From 8e776c78a1976c97abd4f6b68ad46a821c119704 Mon Sep 17 00:00:00 2001
From: Jonah Bernard <96398205+Jonahcb@users.noreply.github.com>
Date: Sun, 12 Oct 2025 23:03:27 -0400
Subject: [PATCH] docs(router): add token-bucket rate limiting to the docs
 (#11485)

---
 docs/advanced_features/router.md | 30 ++++++++++++++++++++++++++++++
 1 file changed, 30 insertions(+)

diff --git a/docs/advanced_features/router.md b/docs/advanced_features/router.md
index 5eb4a2ff0..f2bb68942 100644
--- a/docs/advanced_features/router.md
+++ b/docs/advanced_features/router.md
@@ -11,6 +11,7 @@ The SGLang Router is a high-performance request distribution system that routes
 - **Kubernetes Integration**: Native service discovery and pod management
 - **Prefill-Decode Disaggregation**: Support for disaggregated serving load balancing
 - **Prometheus Metrics**: Built-in observability and monitoring
+- **Rate Limiter**: Token-bucket rate limiter to shield workers from overload
 
 ## Installation
 
@@ -229,6 +230,35 @@ python -m sglang_router.launch_router \
 - Returns to service after `cb-success-threshold` successful health checks
 - Circuit breaker can be disabled with `--disable-circuit-breaker`
 
+### Rate Limiter
+
+Use the token-bucket rate limiter to cap requests before they overwhelm downstream workers.
+
+- Enable rate limiting by setting `--max-concurrent-requests` to a positive integer.
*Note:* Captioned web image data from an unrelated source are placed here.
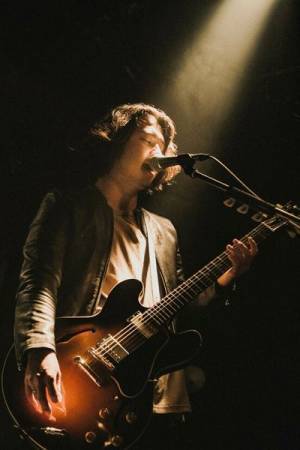 【野音ワンマン直前企画】SIX LOUNGEがフラカンに惹かれる理由。「何回ライブを観ても、鳥肌立つし。言葉のパワーがすごい」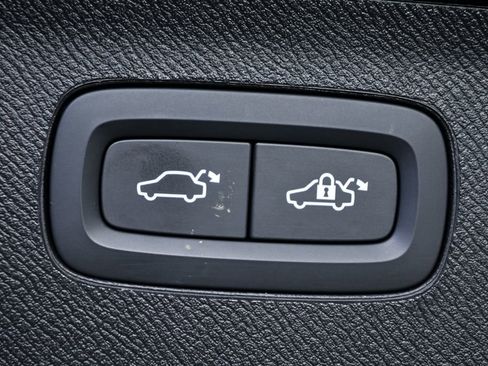 Certified 2026 Volvo XC90 T8 Ultra w/ Protection Package Premier image 35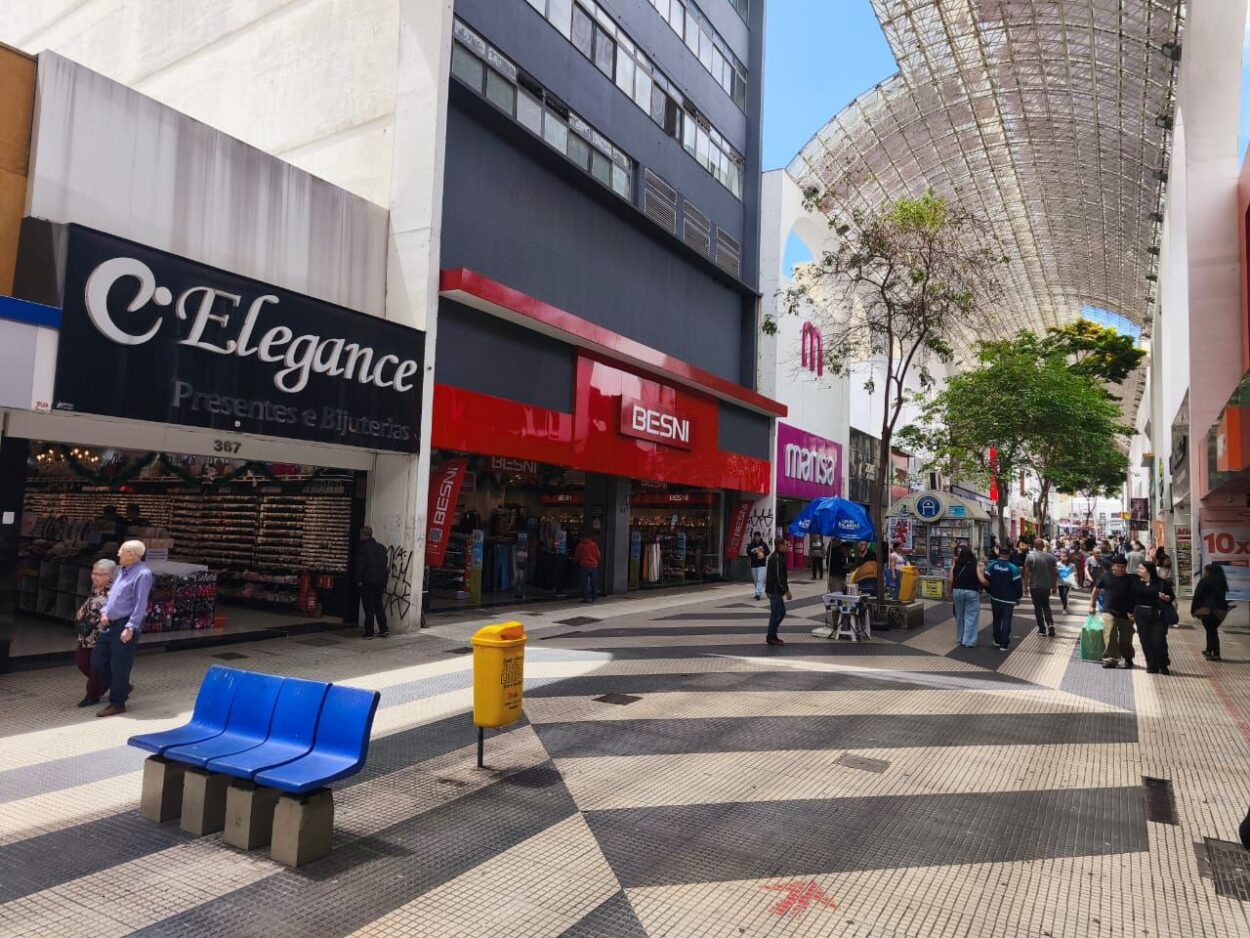 Procon Santo André esclarece consumidores sobre trocas de produtos após festas de fim de ano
A bucket with that many tokens (concurrent leases) is created; `-1` keeps it disabled.
+- Optionally override the refill rate with `--rate-limit-tokens-per-second`. If omitted, the refill rate matches `max-concurrent-requests`.
+- Overflow traffic can wait in a FIFO queue controlled by:
+  - `--queue-size`: pending-request buffer (0 disables queuing; defaults to 100).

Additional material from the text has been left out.